Being a nurse, one should expect to see some disturbing things. Even though I had only been on the job for almost a year, I had seen my share of missing limbs, horrible gashes, people impaled in the most uncomfortable ways with an unusual assortment of objects. I had begun to think I had grown somewhat immune to such surprises that liked to stroll through the emergency room doors from time to time. Unfortunately for me, and for Matthew Thomas, I was dead wrong.

I was working the late shift that weekend while another of a series of monstrous thunderstorms was snarling outside the hospital doors. The hospital was a little shorthanded due to it being Labor Day weekend and many of the staff had gone on family vacations, so I was drafted to cover for several of the missing nurses. This included more bedpans and paperwork than I usually cared for. Though I did love my job, it was days like this of tedious repetitiveness that made me foolishly wish for some excitement every now and again. Apparently, the storm outside agreed with me entirely.

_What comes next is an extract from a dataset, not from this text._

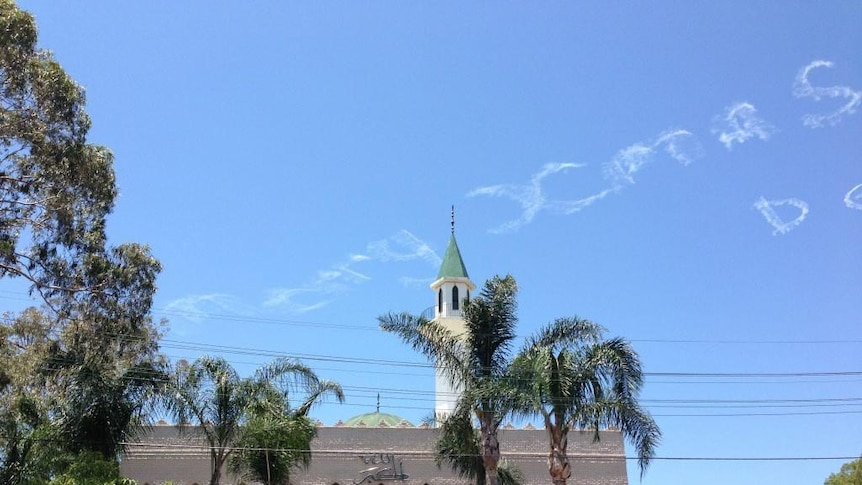 A message reading 'Merry Xmas' appears in the sky above Lakemba Mosque in Sydney.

Shortly after I finished the last of a mountain of paperwork, I heard the telltale wail of an ambulance as it came charging up to the emergency room entrance ramp. As one of the other nurses, Melinda, rushed down the hall, she yelled, "Come on, Kim! I heard the EMT say that there was a bad wreck on the interstate and they're bringing the patients here. We're going to need help in the O.R. From what Tina said, it's pretty bad."

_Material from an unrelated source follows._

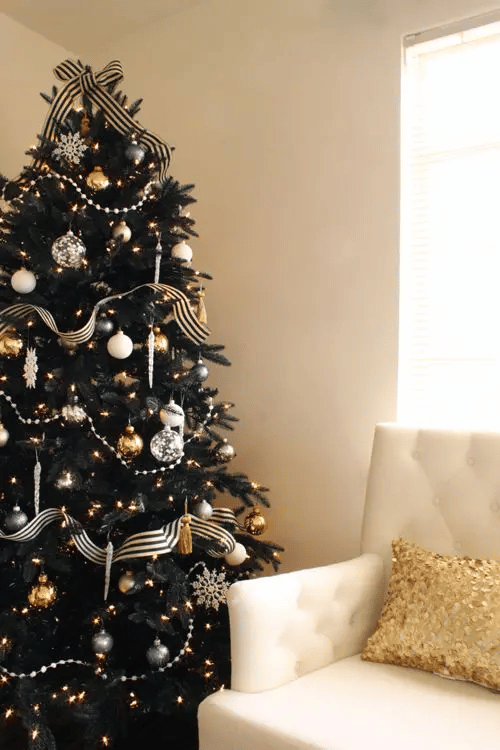 This black Christmas tree features minimal use of rose gold ornaments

I shot to my feet, nearly toppling the tower of papers that I had just completed, and dashed out into the hallway. As I made it to the operating room, ready to don my sterile gown to protect my scrubs from any fluids that were sure to be spilled, I nearly got run over by the gurney rushing to get to the operating room. My heart leapt into my throat. On the gurney lay the limp, bloody, and bruised body of a little boy.

I looked down the hall, and though the swinging doors had closed on the emergency room's waiting room, I could hear the hysterical sobbing of a woman who was hastily scribbling on the mandatory paperwork to allow for the surgery to take place to save the boy's life while the doctor had him whisked away. Though cut, bruised, and shaken, the woman looked relatively unharmed. From their similarity in looks, fear on her face, and the fact that she had signed the permission slip for the surgery that can only be signed by parents or guardians, I assumed this woman was the boy's mother.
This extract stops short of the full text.